EXERCISE DETAILS
From the listing below, extract each entry exactly as written, minus the images.

WORKING DATA

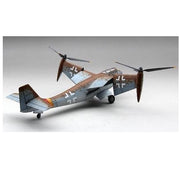 Amusing 48A002 1/48 Weserflug P.1003/1 German Vtol Aircraft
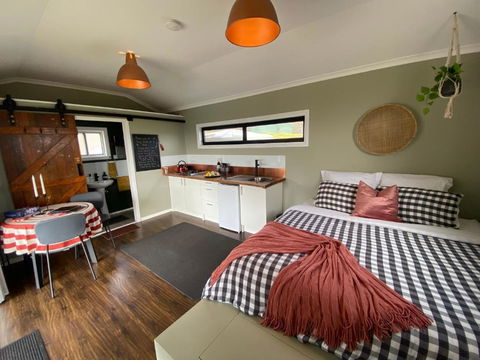 Tiny Home On A Hill - Hervey Bay Accommodation 0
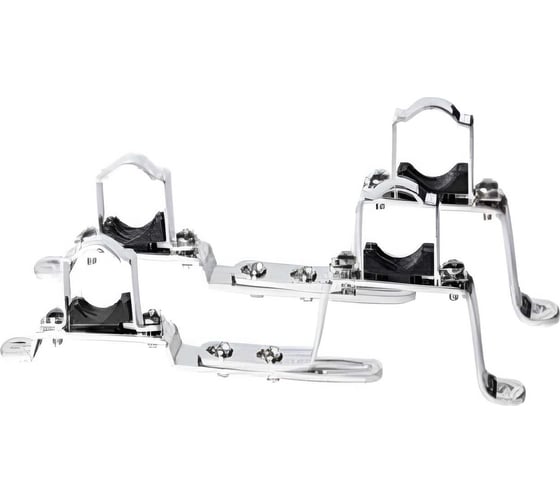 Изображение товара Кронштейн для коллекторов RTP регулируемый, нержавеющая сталь sus 304, 1" 39797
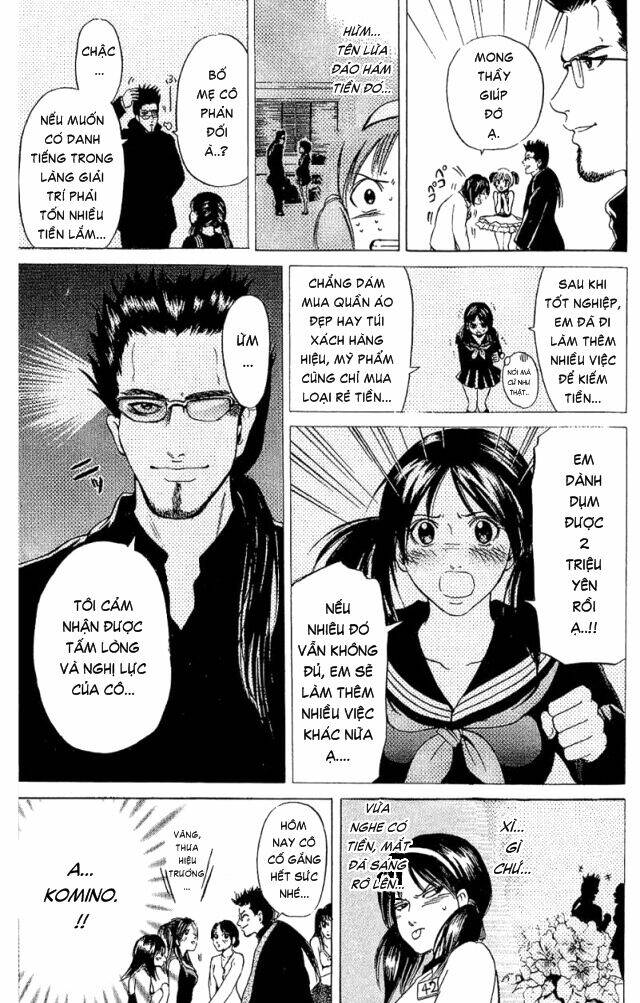 hammer session - thầy giáo tuyệt chiêu chapter 29 11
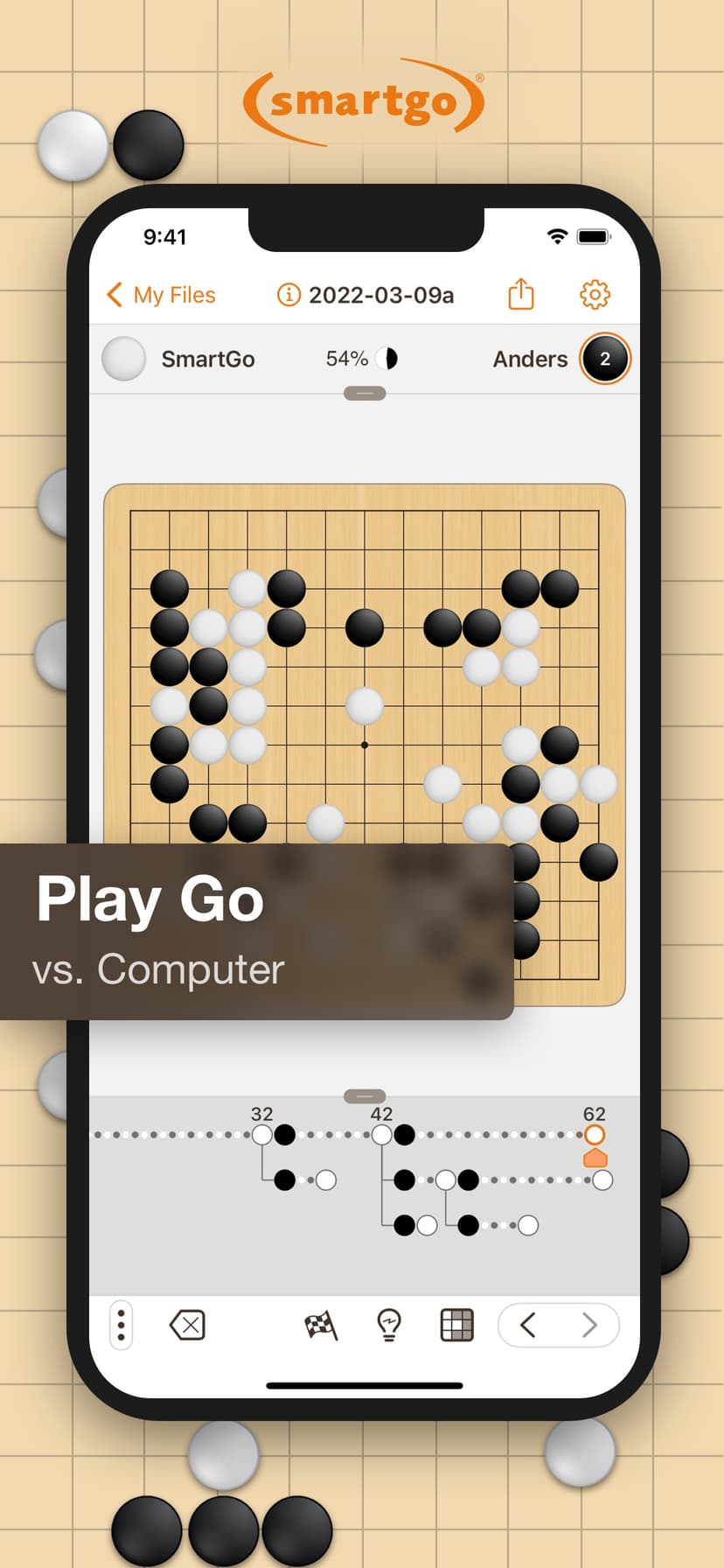 SmartGo One screenshot 3 - screenshot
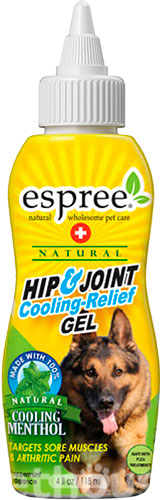 Espree Hip & Joint Cooling Relief Gel Обезболивающий гель для собак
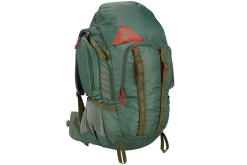 Kelty Redwing 50 Backpack - Duck Green/Burnt Olive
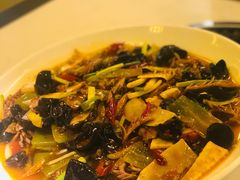 -院8里·小聚园老川菜(九眼桥店)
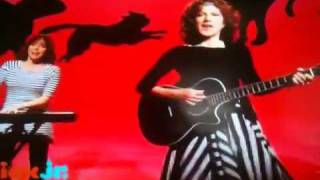 Laurie Berkner- The Cat Came Back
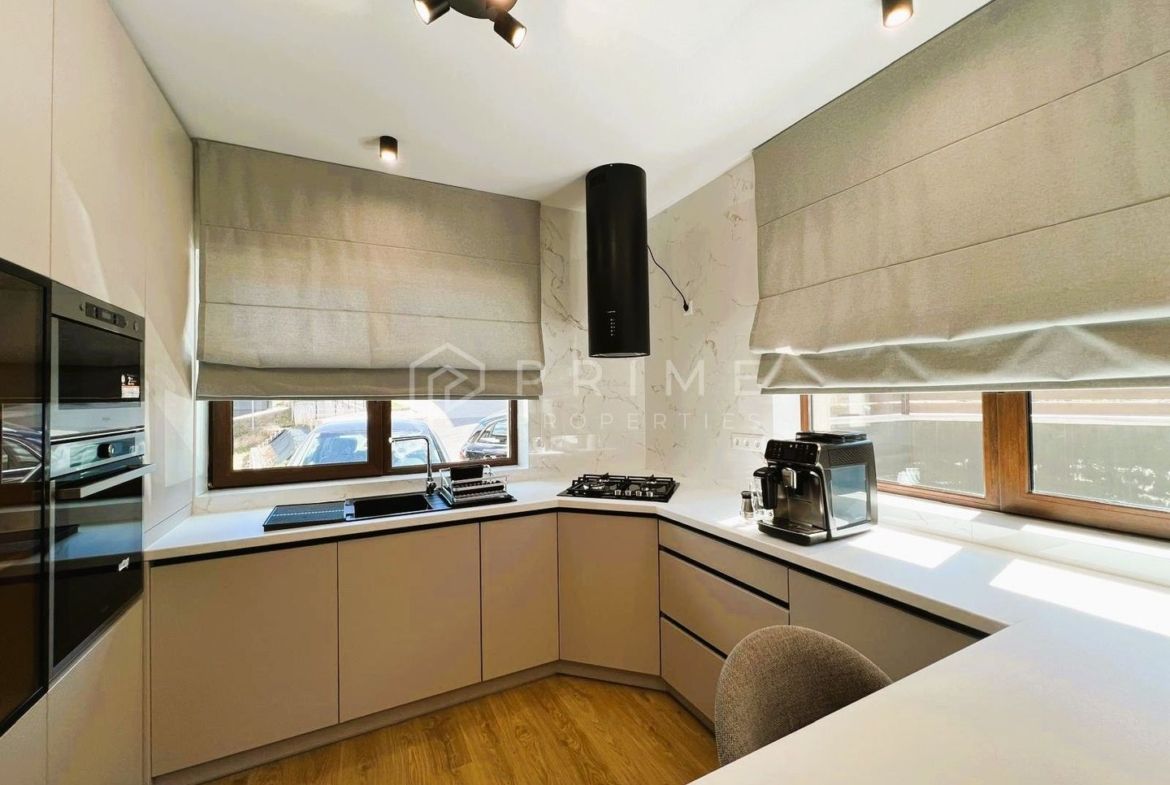 Casă Duplex de vânzare – Corunca | Design deosebit, aproape de pădure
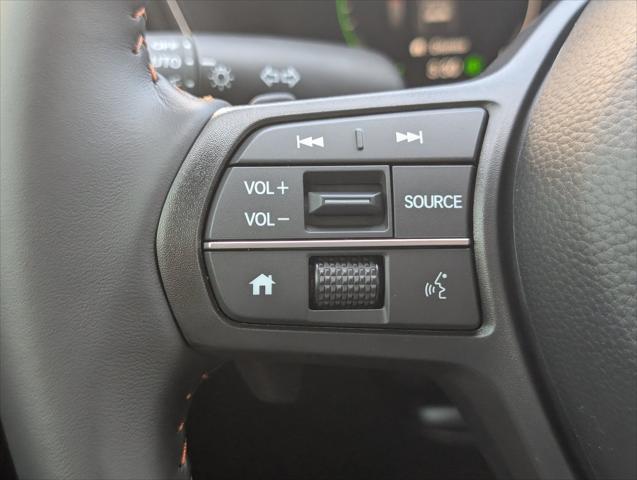new 2025 Honda CR-V Hybrid car, priced at $36,500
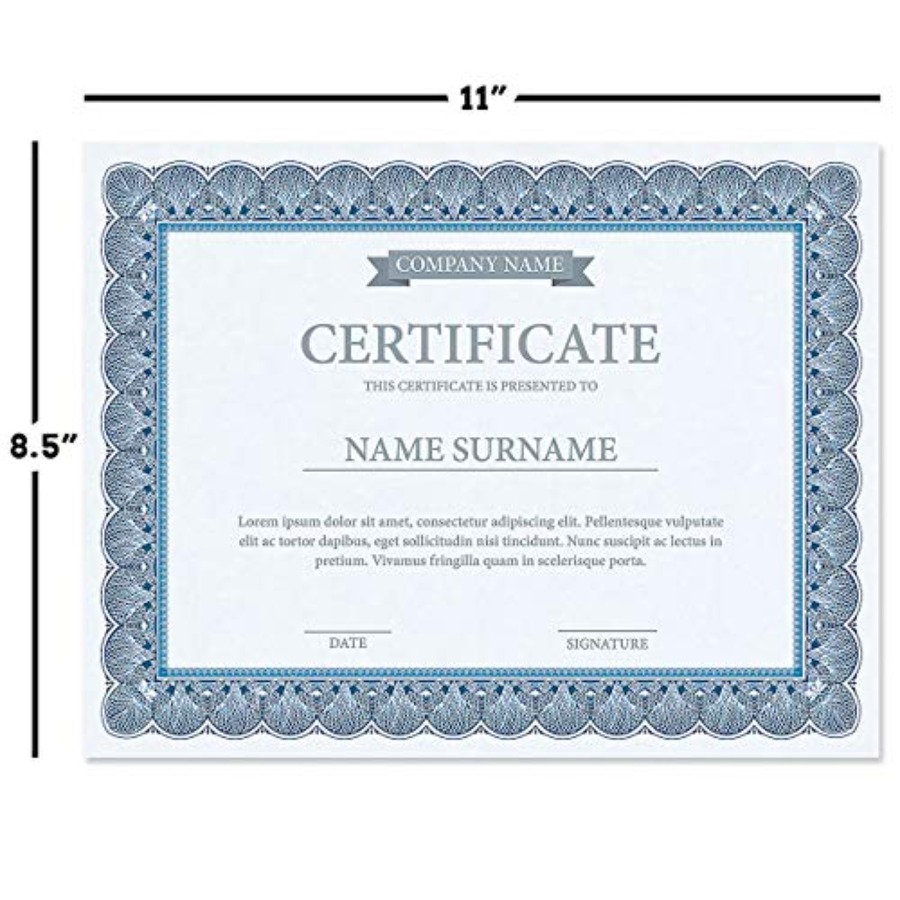 Classic Elite Award Certificat - огляд і ціна Binding Machine Comb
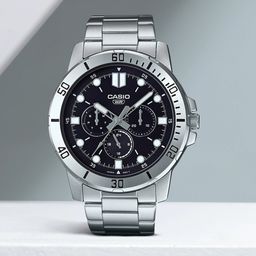 casio Enticer Men's Analog Watch - For Men A1748 (MTP-VD300D-1EUDF)-picture-33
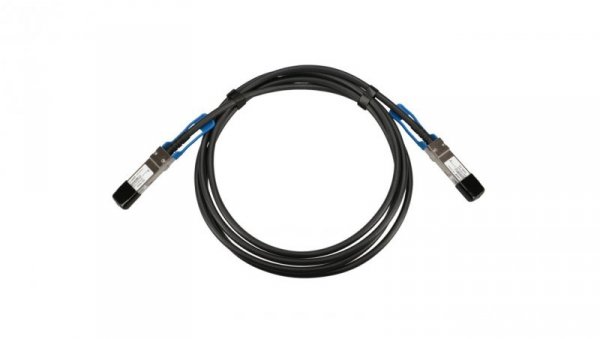 Kabel QSFP28 DAC, 100G, 3m, 30AWG Passive Extralink QSFP28 DAC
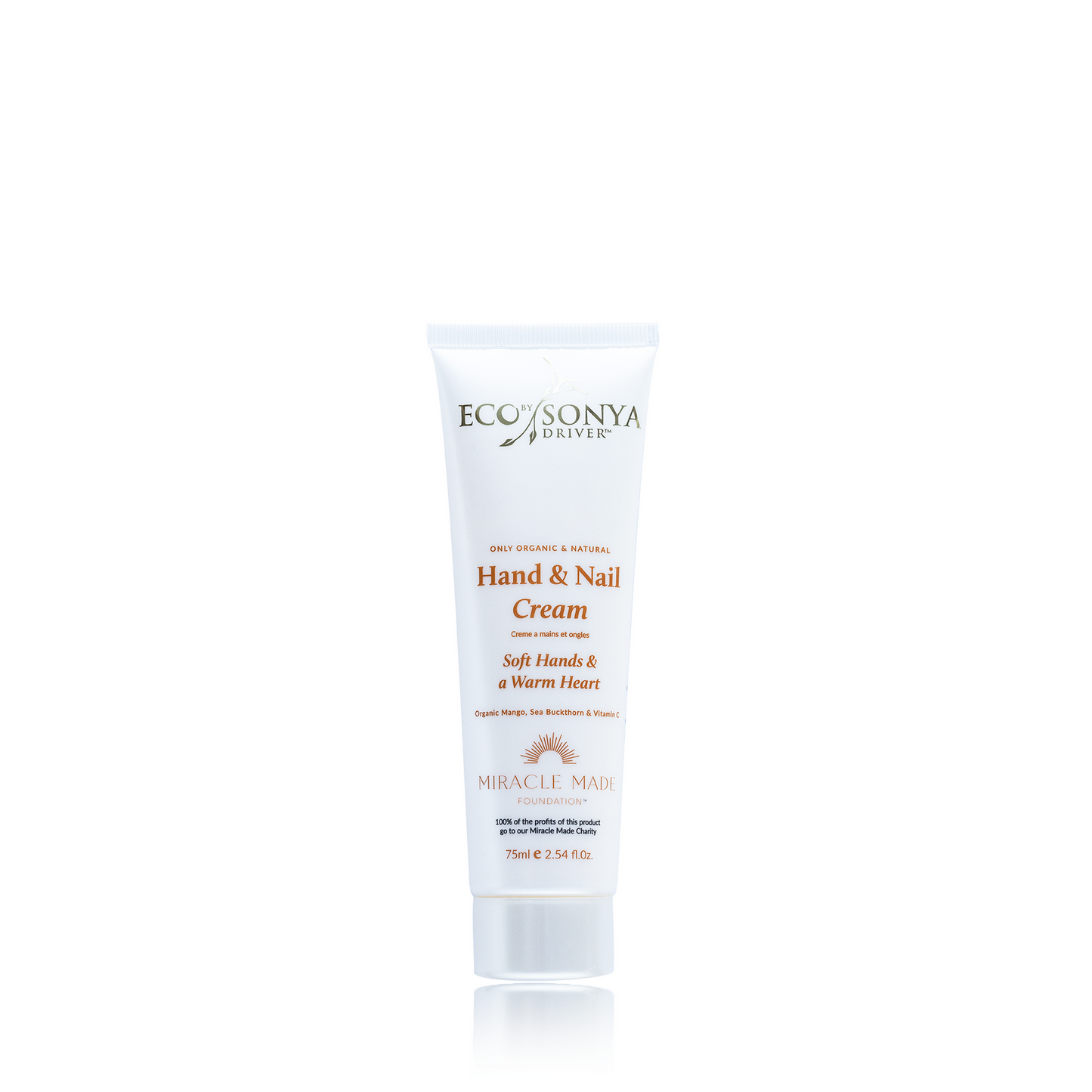 Eco Tan Hand & Nail Cream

SOLUTION FOR THIS EXERCISE
 Amusing 48A002 1/48 Weserflug P.1003/1 German Vtol Aircraft
 Tiny Home On A Hill - Hervey Bay Accommodation 0
 Изображение товара Кронштейн для коллекторов RTP регулируемый, нержавеющая сталь sus 304, 1" 39797
 hammer session - thầy giáo tuyệt chiêu chapter 29 11
 SmartGo One screenshot 3 - screenshot
 Espree Hip & Joint Cooling Relief Gel Обезболивающий гель для собак
 Kelty Redwing 50 Backpack - Duck Green/Burnt Olive
 -院8里·小聚园老川菜(九眼桥店)
 Laurie Berkner- The Cat Came Back
 Casă Duplex de vânzare – Corunca | Design deosebit, aproape de pădure
new 2025 Honda CR-V Hybrid car, priced at $36,500
 Classic Elite Award Certificat - огляд і ціна Binding Machine Comb
 casio Enticer Men's Analog Watch - For Men A1748 (MTP-VD300D-1EUDF)-picture-33
 Kabel QSFP28 DAC, 100G, 3m, 30AWG Passive Extralink QSFP28 DAC
 Eco Tan Hand & Nail Cream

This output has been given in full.